I painted this picture today that made me feel completely overwhelmed. It brings up all these emotions around sexuality, and passion, and this energy and power I am supposed to have as a woman. Standing in these energy spaces do not make me feel strong and empowered, they make me feel overwhelmed and exhausted.
Suddenly I felt that flash of passion rise in me, it was frustration and resentment.
I sit in these women’s circles and allow myself to wear certain social labels such as feminist, and the energy behind all of it is a celebration of womanhood. That is just not my experience though, not completely at least. There is an “AND” there.
I am proud to be a woman AND I believe women are powerful AND I feel overwhelmed by my experiences as a woman.
My truth is that womanhood is not something that I stepped into, there was no sacred, beautiful right-of-passage. For me it felt like womanhood/becoming a woman was something that happened to me.
Before I even had the opportunity to process the fact that my body was changing the boys around me were taking notice. I never got to experience these changes and try to understand my new self before I was being grabbed at and taken from verbally, physically, and energetically.
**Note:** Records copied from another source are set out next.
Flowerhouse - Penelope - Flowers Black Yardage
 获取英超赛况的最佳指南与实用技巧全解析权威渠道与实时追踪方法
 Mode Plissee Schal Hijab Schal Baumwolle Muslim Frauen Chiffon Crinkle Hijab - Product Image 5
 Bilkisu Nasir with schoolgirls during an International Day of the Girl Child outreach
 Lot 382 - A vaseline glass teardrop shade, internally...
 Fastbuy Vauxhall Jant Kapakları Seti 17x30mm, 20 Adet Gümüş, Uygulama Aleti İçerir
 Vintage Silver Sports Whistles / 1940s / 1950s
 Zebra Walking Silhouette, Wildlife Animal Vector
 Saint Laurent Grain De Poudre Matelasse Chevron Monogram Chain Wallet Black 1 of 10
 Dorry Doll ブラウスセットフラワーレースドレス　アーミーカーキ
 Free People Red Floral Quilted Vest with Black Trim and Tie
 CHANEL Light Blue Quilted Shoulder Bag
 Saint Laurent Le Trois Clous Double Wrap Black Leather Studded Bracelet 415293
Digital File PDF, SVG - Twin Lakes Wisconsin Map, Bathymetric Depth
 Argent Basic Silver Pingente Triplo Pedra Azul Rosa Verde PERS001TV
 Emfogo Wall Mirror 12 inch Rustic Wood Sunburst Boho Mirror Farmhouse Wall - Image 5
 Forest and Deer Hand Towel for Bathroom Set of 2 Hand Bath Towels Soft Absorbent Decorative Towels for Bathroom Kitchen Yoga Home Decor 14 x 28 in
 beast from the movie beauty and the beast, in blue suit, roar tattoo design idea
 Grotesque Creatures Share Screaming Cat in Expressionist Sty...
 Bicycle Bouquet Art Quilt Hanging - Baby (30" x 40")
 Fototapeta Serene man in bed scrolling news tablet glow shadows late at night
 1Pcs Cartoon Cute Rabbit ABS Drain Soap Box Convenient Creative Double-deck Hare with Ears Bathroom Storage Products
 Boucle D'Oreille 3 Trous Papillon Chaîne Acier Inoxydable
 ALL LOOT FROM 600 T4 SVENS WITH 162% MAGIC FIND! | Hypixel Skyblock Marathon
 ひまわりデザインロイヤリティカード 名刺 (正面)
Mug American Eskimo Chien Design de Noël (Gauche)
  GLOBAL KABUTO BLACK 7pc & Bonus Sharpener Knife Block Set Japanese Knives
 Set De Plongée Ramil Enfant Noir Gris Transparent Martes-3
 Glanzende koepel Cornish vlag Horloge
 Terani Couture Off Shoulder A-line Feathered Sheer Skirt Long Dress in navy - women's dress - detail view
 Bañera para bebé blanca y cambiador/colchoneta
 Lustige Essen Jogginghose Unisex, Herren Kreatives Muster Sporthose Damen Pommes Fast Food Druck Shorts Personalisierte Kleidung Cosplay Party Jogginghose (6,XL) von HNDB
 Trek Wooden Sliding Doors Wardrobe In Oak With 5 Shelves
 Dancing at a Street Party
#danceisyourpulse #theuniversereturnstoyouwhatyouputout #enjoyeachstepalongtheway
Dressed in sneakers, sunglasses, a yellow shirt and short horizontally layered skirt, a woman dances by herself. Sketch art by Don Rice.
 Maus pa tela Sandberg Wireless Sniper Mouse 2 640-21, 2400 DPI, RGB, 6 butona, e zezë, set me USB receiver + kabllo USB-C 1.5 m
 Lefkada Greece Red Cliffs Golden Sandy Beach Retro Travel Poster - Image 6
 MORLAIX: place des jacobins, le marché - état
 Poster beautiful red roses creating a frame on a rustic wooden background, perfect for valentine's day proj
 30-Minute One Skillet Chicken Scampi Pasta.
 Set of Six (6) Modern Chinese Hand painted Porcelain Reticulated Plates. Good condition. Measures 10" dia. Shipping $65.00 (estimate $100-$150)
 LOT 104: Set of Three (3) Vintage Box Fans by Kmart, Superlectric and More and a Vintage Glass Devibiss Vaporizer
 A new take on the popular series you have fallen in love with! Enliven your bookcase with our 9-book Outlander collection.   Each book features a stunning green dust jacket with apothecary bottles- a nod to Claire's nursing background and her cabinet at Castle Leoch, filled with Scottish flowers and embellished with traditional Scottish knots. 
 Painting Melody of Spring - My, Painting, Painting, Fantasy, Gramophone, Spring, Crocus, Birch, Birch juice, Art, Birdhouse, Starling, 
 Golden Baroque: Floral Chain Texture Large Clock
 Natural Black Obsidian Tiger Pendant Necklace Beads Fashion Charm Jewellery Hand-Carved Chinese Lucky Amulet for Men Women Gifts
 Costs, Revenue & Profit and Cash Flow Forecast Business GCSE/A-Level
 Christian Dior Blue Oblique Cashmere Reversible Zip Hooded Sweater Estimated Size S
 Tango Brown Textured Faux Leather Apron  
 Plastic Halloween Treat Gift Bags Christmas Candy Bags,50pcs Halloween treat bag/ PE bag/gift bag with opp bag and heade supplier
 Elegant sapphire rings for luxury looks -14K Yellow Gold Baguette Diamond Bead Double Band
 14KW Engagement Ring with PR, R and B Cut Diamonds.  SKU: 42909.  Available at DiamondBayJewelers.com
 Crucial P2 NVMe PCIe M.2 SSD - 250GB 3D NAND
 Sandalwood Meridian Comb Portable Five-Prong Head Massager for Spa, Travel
I think of the idea behind the Red Tent, it was a place of sanctuary where women could take counsel with one another and celebrate their magic and be free from the shackles of womanhood placed upon them by society during their sacred cycle.
I grieve for the time I was not given. I grieve for the space that was never there. I grieve for all the parts of myself who have never gotten to call my body home. I feel like a child that has been trying to play catch up in a land of women.
I am tired of running, I am tired of having no where to call home. I am tired of being tired. I am just so breathlessly exhausted.